How I am guessing 2025 will pan out 

January 2025: A cold and often snowy month in the north with some very cold temperatures. Mild and very wet in the south, dull in virtually all areas although sunny in north west Scotland. 
Highest temperature: 16th January  16.7.C (Gravesend) Lowest temperature: 25th January -24.2.C (Aviemore)

February 2025: Often a dry and sunny month with some very mild days but often frosty nights. Brief snowy spell in the south between the 15th-20th. Often very dry many areas record less than 30% of average rainfall with only the far north of Scotland being wet, sunshine is widely 130% of average as well, only the far north being dull. Highest temperature: 25th February 18.6.C (Kew Gardens) Lowest temperature: 7th February  -8.3.C (Braemar)

March 2025: An unsettled and often mild first three weeks before a very sunny but cold final week. The month is generally very showery but often mild with some very mild nights with very little frost. However there is no spring like warmth. From the 22nd it turns much colder under a north easterly however it also brings high pressure which makes it sunny away from eastern coasts. Some eastern coasts have their snowiest weather of the winter on the 27th.
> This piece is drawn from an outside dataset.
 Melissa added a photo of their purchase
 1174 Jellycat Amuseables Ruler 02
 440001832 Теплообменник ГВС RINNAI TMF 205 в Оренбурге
There’s some very cold nights during this spell with some areas recording their coldest night of the winter during this spell. Highest temperature: 8th March 16.0.C (Portsmouth) Lowest temperature: 29th March -11.7.C (Dalwhinnie) and 31st (Banchory)

April 2025: Generally a settled and sunny month although often wet in western and northern Scotland. First 20.C is reached on the 9th of April in London with a high of 21.7.C. Colder and more unsettled  between the 14th-23rd with some wintry showers and frosty nights although the last week turns much warmer. Highest temperature: 28th April 23.5.C (Colchester) Lowest temperature: 16th April -5.8.C (Loch Glascarnoch)
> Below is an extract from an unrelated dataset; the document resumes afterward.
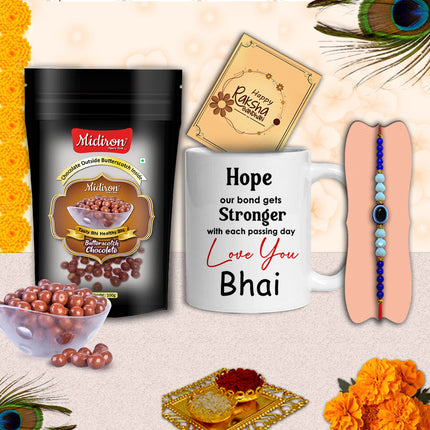 rakhi gift for brother, rakhi gift hamper for brother, raksha bandhan special gift, rakhi set for brother, rakhi for brother, rakhi gifts for men, rakhi for kids, rakhi for brother and bhabhi, rakhi for kids boys, rakhis for rakshabandhan, rakhi set for brother kids, rakhi gift, traditional rakhi combo, rakhi gift hamper for brother, rakhi gifts for men, rakhi gifts for brother, rakshabandhan rakhi, rakhi chocolate bouquet, rakhi chocolate gifts, premium raksha bandhan gift box, chocolate rakhi gift combo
May 2025: Often an easterly month so often cool and very dull in eastern areas but much sunnier and warmer further west. Overall among the dullest May’s in the east but among the sunniest in the west. Dry virtually everywhere though however. Very cool between the 4th-9th with maxima widely below 8.C east of London. Another relatively quiet month although severe thunderstorms break out during a warm spell in the west during the 22nd-26th. First 25.C is reached in Kinlochewe on the 23rd. Highest temperature: 26th May 28.2.C (Bristol and Cardiff) Lowest temperature: 6th May -1.5.C (Auchterarder)

June 2025: Often warm but very wet in places particularly in the south west with 200% widely here among the wettest on record. Further north and east generally drier, very sunny in the north with slightly below average sunshine in the west. There are two very warm spell during the 3rd-9th before turning more unsettled for a while a before the next settled, warm spell from the 23rd-28th. The latter brings a very warm day to Scotland with the highest temperatures here on the 27th some local records are also broken before a thundery breakdown. Highest temperature: 27th June 30.6.C (Stirling) Lowest temperatue : 10th June 1.8.C (Pitlochry)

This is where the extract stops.